Say rifle A costs 1000 dollars and have an overall score of 131 points.
Rifle B costs 800 dollars and have an overall score of 125 points.
Well. Guess which rifled is going to be picked by every single nation?
The points here is like an arbitrary measure of all major consideration for a rifle and not a real thing. Just to demonstrate my point.
Anyway now that the budget part is over her is another consideration.
Weapons are tools. You want the simplest and easiest and most functional one possible.
If you know or read about soldiers then... Let's just say that complication and warfare don't go hand in hand.
The great Moltke said something to the effect of "no plan survives contact with the enemy"
And Sun Tzu before him does even like complicated operation and theory while Clausewitz likes to ground war in reality and throws the abstract out the window.
This is theory of war true. Not addressing the issue?
But it does. If even the theory stresses throwing abstraction out the window then won't the actual tools reflect that?
Basically you want your weapons to be as simple as hammer.
Simplicity = efficiency.
Time and time again Occam's razor proves to be useful in all fields.
Now this is a lot of rhetoric and sorry.
Just trying to paint the whole picture.
So the actual weapons should work 100% of the time in the hand of 100% of your soldiers with as few problems and complications as possible.
Think of the times in history where they armed civilians, slaves, freedmen, women, and even children.
Do you want a gun that asks 13 questions before it fires?
All this just makes the idea of guns having anything complicated stupid.
That's why to this day you don't see a lot of "smart" safety on guns.
This is a huge contradiction to the very idea of weapons.
Not to mention a host of complications in the actual world.
- Ammo and ammo types?
- What if my squad mate died and I ran out of ammo?
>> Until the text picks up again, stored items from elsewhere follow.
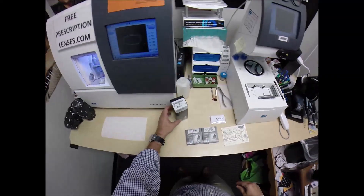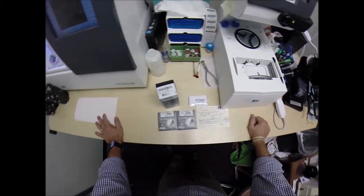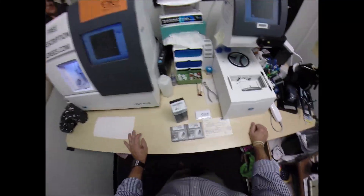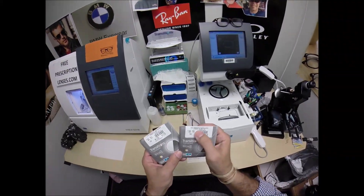But call me Moe, Moe Better. Because I'm going to have you seeing Moe better, looking Moe better. I'm going to show everyone else how I bring that loving feeling back to glasses, when I cut the new Transitions Generation 8 Gray Lenses with Crozol Alize.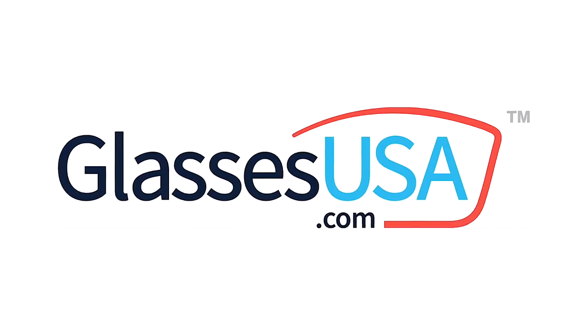Thanks again to GlassesUSA.com for sponsoring today's video. I'm loving all of these glasses — you're going to be seeing me wear a bunch of different glasses in all my videos from now on. Make sure you click the link in the description below and head over to GlassesUSA.com to try on your frames virtually from home. If you haven't yet, make sure you click the subscribe button and click this video right here — I think it's going to be my fish video.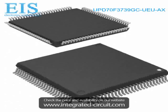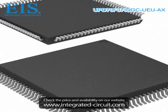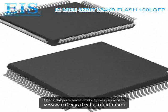Hello, this is Tams from Excellent Integrated System Limited. We are a professional stocking distributor of electronic components. We have many components in stock which can be shipped immediately after order.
Do I have to go through a test to fire at the enemy?
- What if the soldier in question has PTSD?
- What if a soldier character changes?
- What if a soldier expresses an idea against the sentient's philosophy?
- What if a soldier jokes about something.
- What if I'm bluffing on murdering a civilian, or whatever?
- What if I'm in the middle of a firefight and aim at a civilian?
- What if I have to kill a civilian?
- What if the firearm changes ideologies or have a change of heart?
- What about hacking?
- What about mood swings or just that gun waking up feeling like hell?
- What of corruption?
There is actually that sentient sword from Dave the Barbarian and it actually works against him sometimes.
Honestly I can think of nothing but complications for creating anything like that.
Like it is a really bad idea to do so.
But.
You can overcome most of this by doing something similar to Mjolnir.
This is the only logical way I can think of.
Creating artifacts of such immense power that a single person can cause so much trouble that the original creator thought that they must find a way to only give it to those who are worthy.
The reasoning for the creation of the weapons can be frost gains or dragons or evil cheese wheels for all it matters.
So the only time it makes sense if it the magical equivalent to nuclear football, case which the US president can use to launch nukes, and so the creators had to include purity checks or whatever you want.
Warhammer 40K has good examples of both actually. The grounded realistic war of attrition that the guards fight or the high power high artifacts style of warfare that certain factions fight.
For example a super advanced robot wielding melee weapons exist while gun lines and trenches exist.
But Warhammer 40K got insane technology and a lot of magic. Take the magic away and you just have the same ideas, most of the time.
However. In a science fiction setting or any setting where magic does not exist and combat is similar to ours.
it makes 0 sense and will never be used by any reasonable faction.